● **REQUIRED WORK**
The response must consist of the lines from the one holding "View (from property/room), Bed" through the final line of the entries, given again exactly and without any pictures.

»»

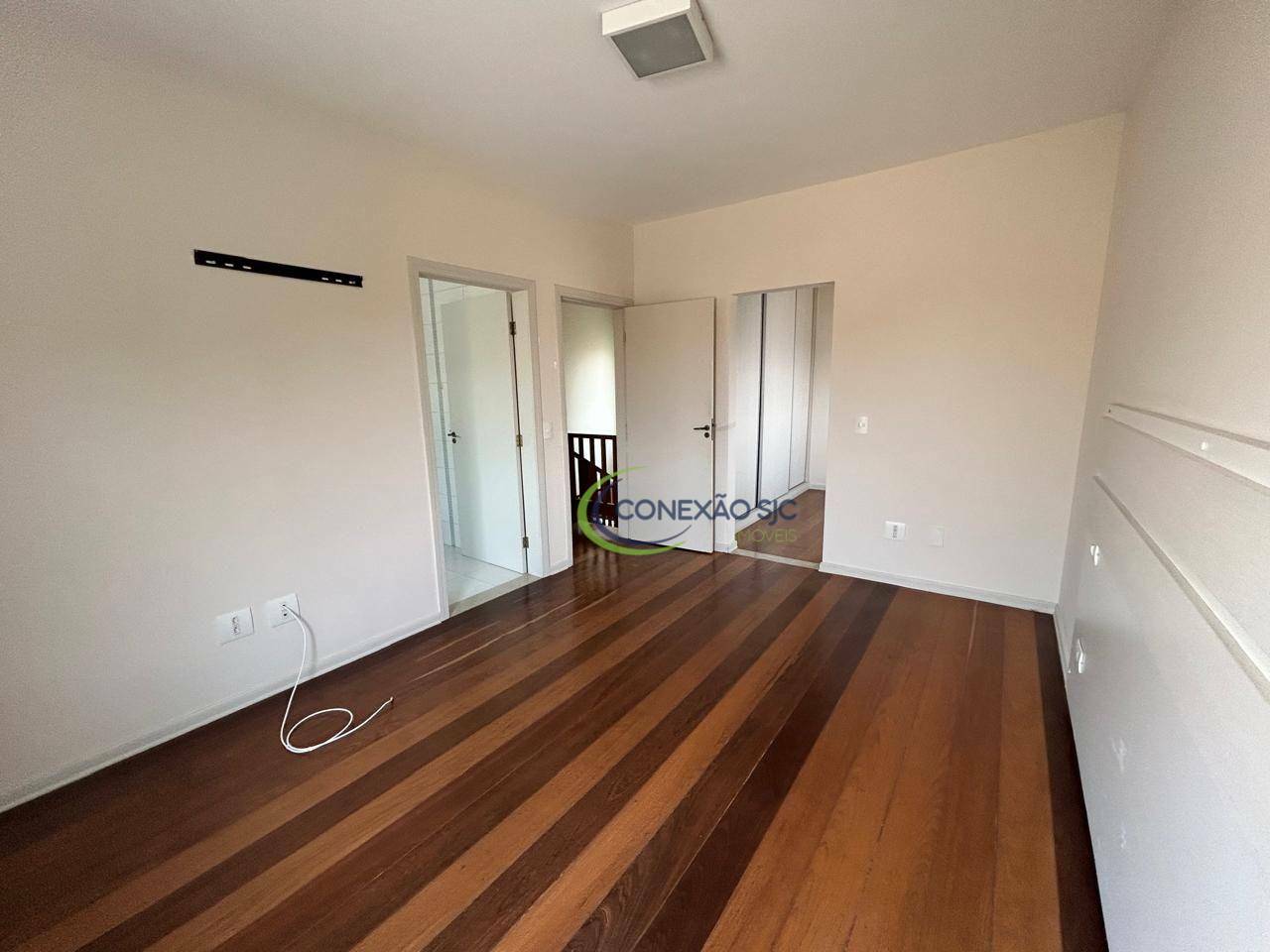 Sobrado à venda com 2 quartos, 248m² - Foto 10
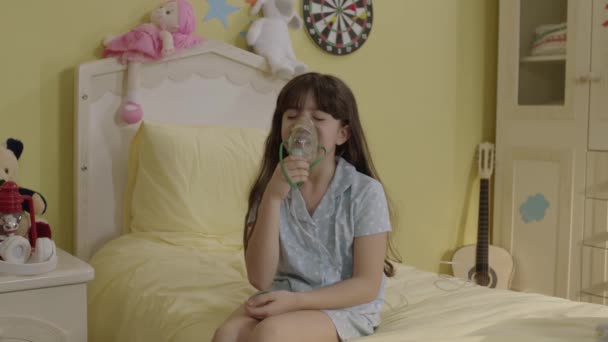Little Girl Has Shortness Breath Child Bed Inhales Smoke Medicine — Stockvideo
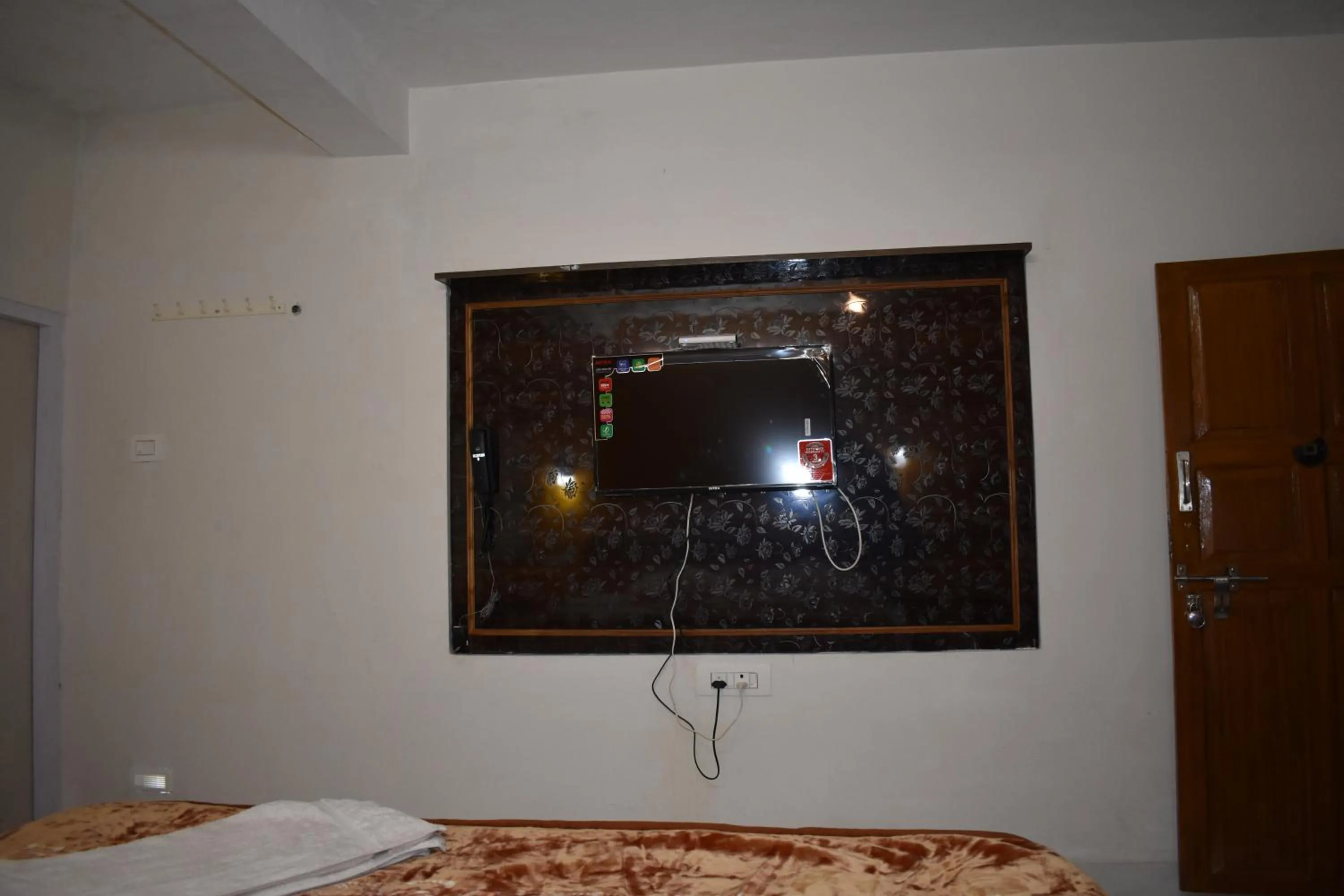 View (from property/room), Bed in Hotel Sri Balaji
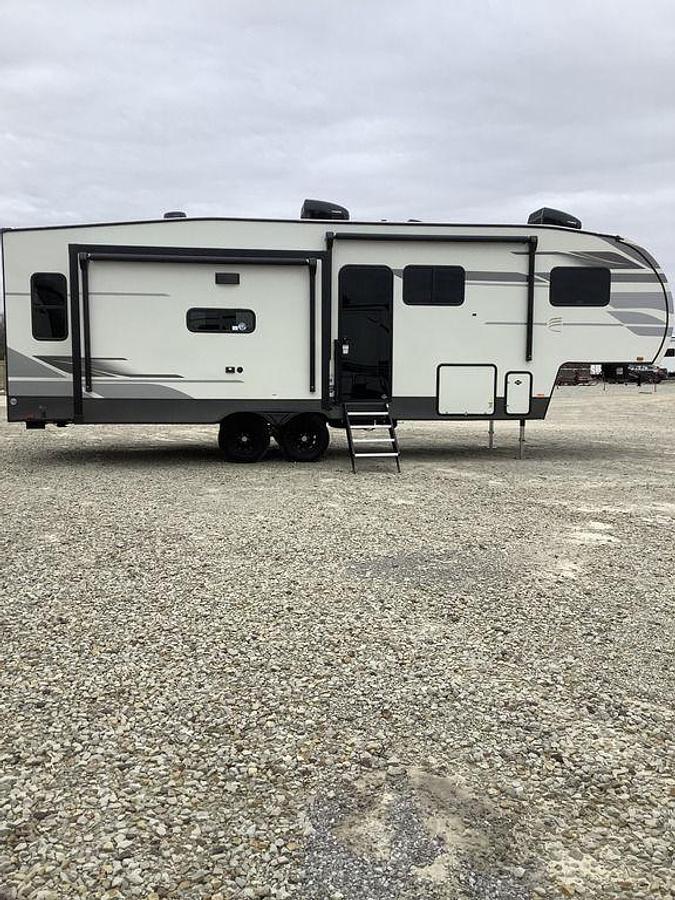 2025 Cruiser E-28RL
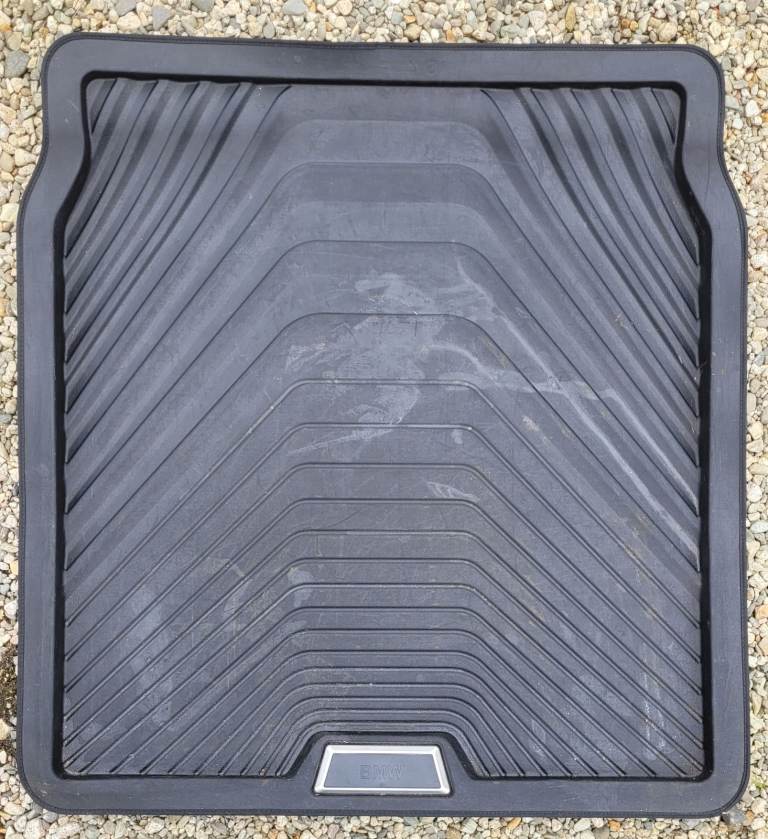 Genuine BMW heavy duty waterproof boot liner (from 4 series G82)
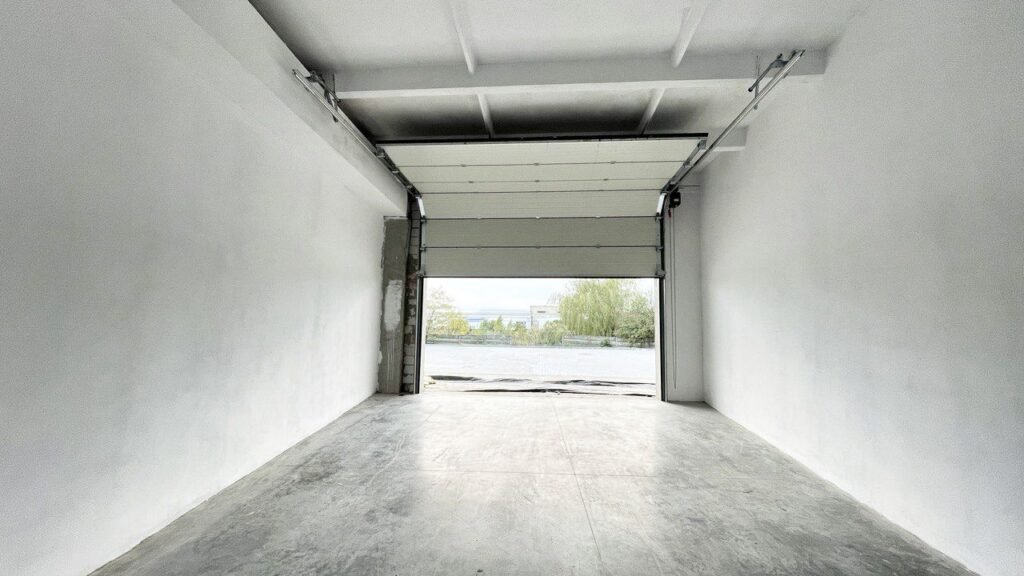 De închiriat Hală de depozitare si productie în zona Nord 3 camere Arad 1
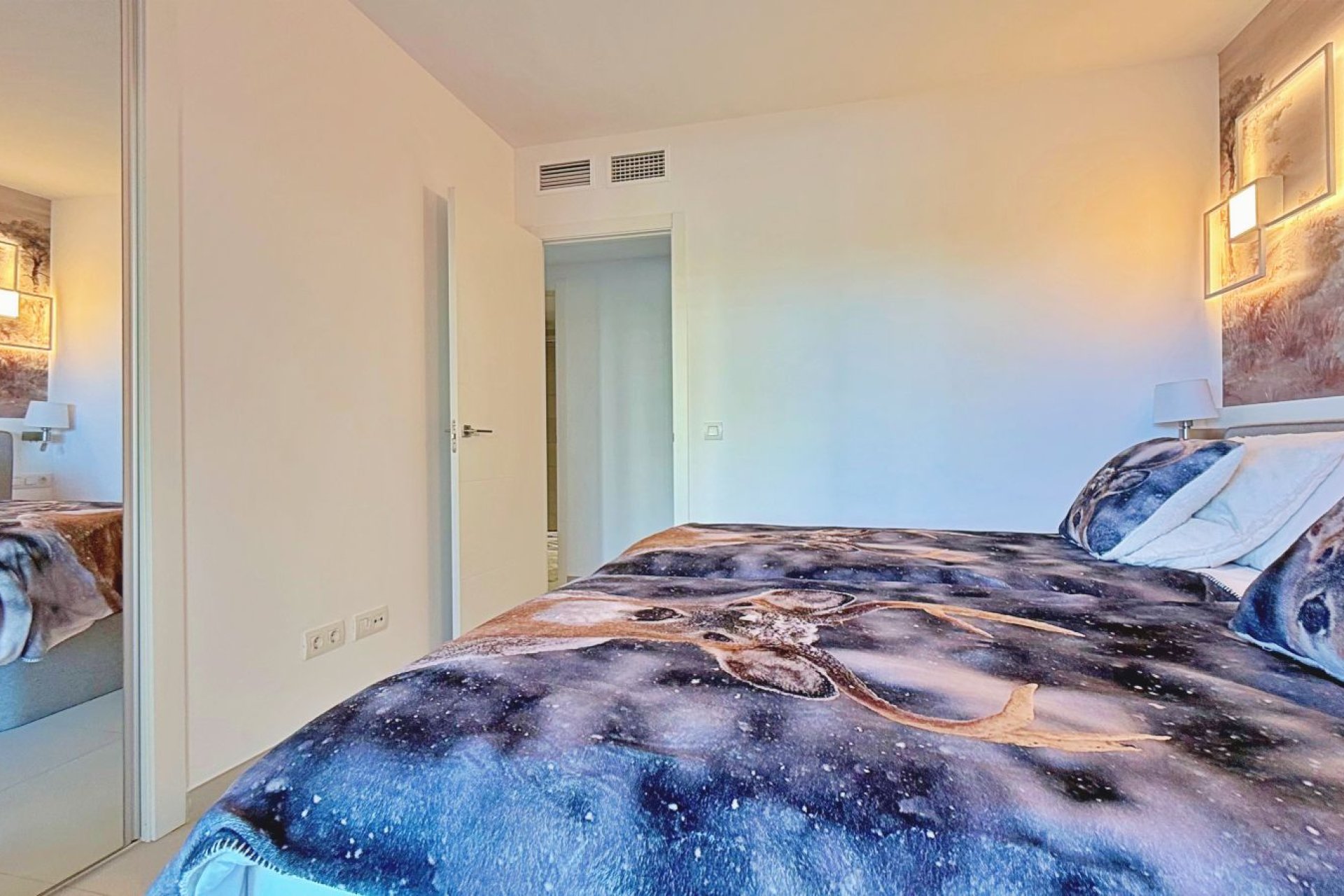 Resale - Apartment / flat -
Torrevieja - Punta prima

««

● **TASK SOLUTION**
 View (from property/room), Bed in Hotel Sri Balaji
 2025 Cruiser E-28RL
 Genuine BMW heavy duty waterproof boot liner (from 4 series G82)
 De închiriat Hală de depozitare si productie în zona Nord 3 camere Arad 1
 Resale - Apartment / flat -
Torrevieja - Punta prima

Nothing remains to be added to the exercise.